- _Exercise aim_
A faithful, complete copy of the entries below is required, with images removed.

- _Provided records_
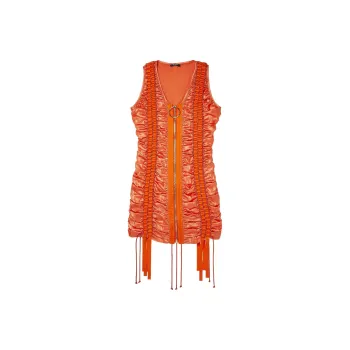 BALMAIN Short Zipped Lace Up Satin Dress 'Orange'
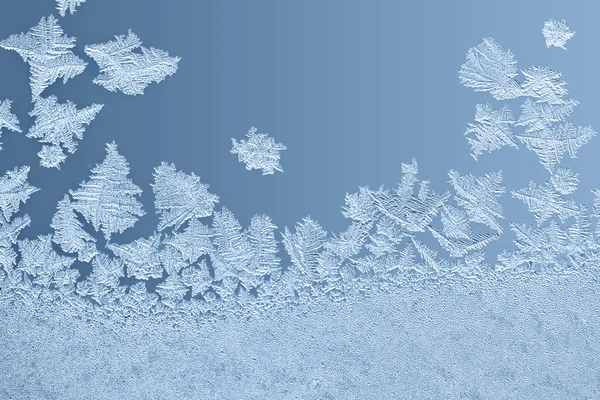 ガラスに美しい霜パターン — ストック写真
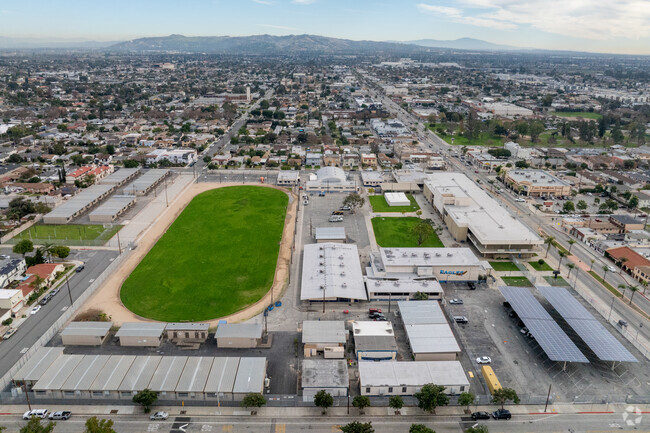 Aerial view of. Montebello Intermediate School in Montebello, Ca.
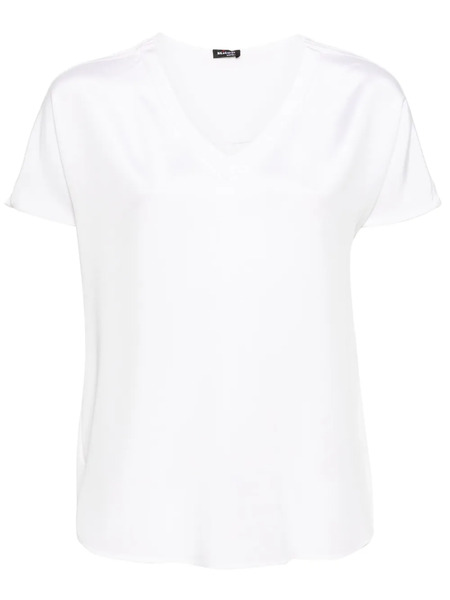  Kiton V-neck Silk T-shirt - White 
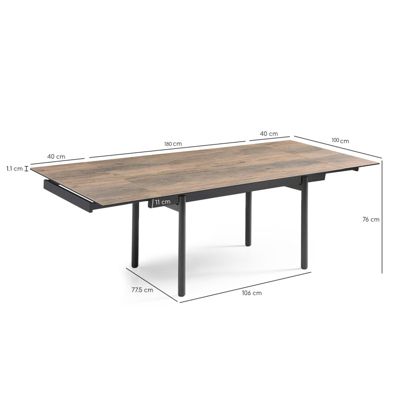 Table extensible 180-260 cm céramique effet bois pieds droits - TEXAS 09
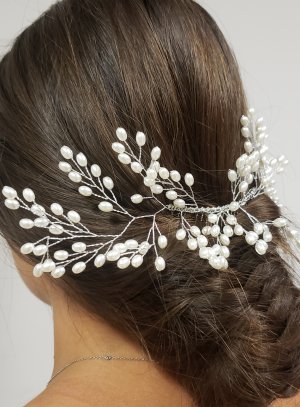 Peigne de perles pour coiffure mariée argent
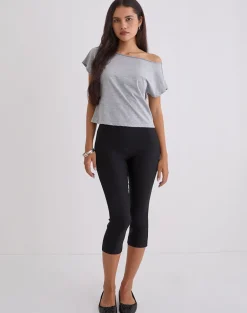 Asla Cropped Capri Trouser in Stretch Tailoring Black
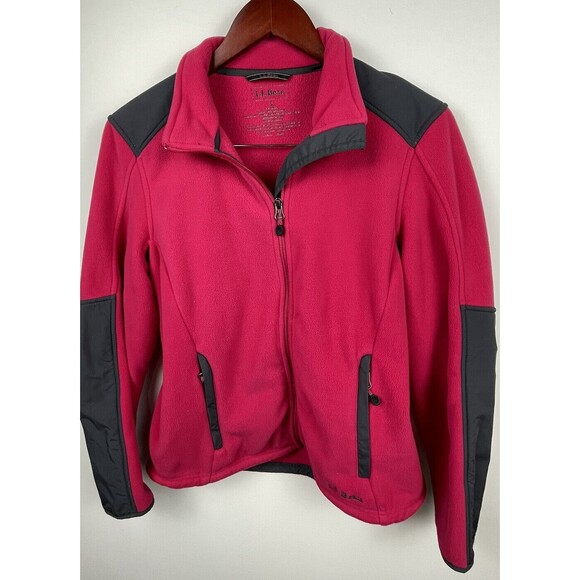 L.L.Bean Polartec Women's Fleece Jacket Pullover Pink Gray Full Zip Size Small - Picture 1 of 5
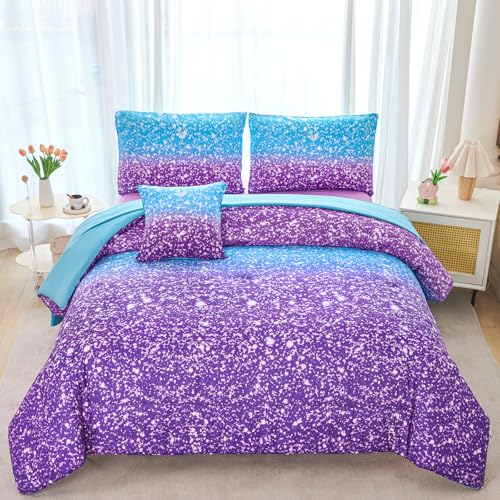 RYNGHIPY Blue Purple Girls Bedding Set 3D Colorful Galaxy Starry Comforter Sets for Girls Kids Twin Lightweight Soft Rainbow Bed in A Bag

- _Exercise result_
 BALMAIN Short Zipped Lace Up Satin Dress 'Orange'
 ガラスに美しい霜パターン — ストック写真
 Aerial view of. Montebello Intermediate School in Montebello, Ca.
  Kiton V-neck Silk T-shirt - White 
 Table extensible 180-260 cm céramique effet bois pieds droits - TEXAS 09
 Peigne de perles pour coiffure mariée argent
 Asla Cropped Capri Trouser in Stretch Tailoring Black
 L.L.Bean Polartec Women's Fleece Jacket Pullover Pink Gray Full Zip Size Small - Picture 1 of 5
 RYNGHIPY Blue Purple Girls Bedding Set 3D Colorful Galaxy Starry Comforter Sets for Girls Kids Twin Lightweight Soft Rainbow Bed in A Bag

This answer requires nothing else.